Linn Benson’s horn opened with appropriate pomp, but muted trumpets and trombones soon introduced the promised swing elements, and the familiar Christmas carol became, if not raucous, at least far livelier, than is usually heard.
Then, percussionist and music educator Jennifer Doherty led an audience sing-along. She was not exposed for long, however, as children and adults alike enthusiastically joined her in singing several beloved holiday classics. These Christmas songs were then followed by contemporary composer Chris Sharp’s arrangement of “Hanukkah Highlights.” After an introspective opening, the clarinets, oboes and saxophones evoked an appropriately Middle-Eastern mood in the Mi Y’maliel section, while the band as a whole threw themselves into the “Dreidel Song” finale.
Played with near-military precision, Victor Herbert’s (1859-1924) “March of the Toys” (in an arrangement by Otto Langley and Herbert L. Clarke) was lively, sparkling and polished. The trumpets, from the brash opening fanfare through to the triumphant ending, played with vivacious wit, while the flutes, clarinets and saxophones were models of humorous pomposity.
Chip Davis, long-time arranger for Christmas music super-group Mannheim Steamroller, has written a haunting version of “Stille Nacht” which, in an arrangement by Robert Longfield, the Solano Winds played with great sensitivity. Davis Fischer-Walker on bassoon played with notable warmth in some exposed passages, while the woodwinds showed that one need not play loudly to play movingly.

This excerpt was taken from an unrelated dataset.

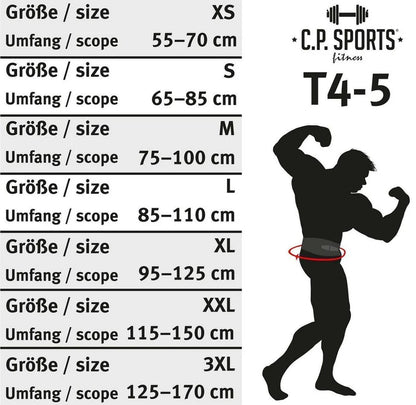 Gewichthebergürtel Amara Leder - Schwarz - C.P.Sports - T4-8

Robert Sheldon, noted contemporary wind band composer, in a medley of Christmas songs entitled “A Most Wonderful Christmas “wrote an arrangement that convinces listeners that “Santa Claus is Coming to Town” should always and only be played on tubas and euphoniums. As a result, Dick Greenberger and Tim Mack (on tubas) and Delbert Bump and Ray Cabral (on euphoniums) were given a rare but deserved moment in the limelight.
To the delight of the audience, conductor Bill Doherty provided an encore, and the concert ended with late Solano Winds director Bill Briggs’ version of “White Christmas.”
Bill Doherty and the Solano Winds now-traditional Christmas concert has become a highpoint of the holiday season — this concert delighted from start to finish.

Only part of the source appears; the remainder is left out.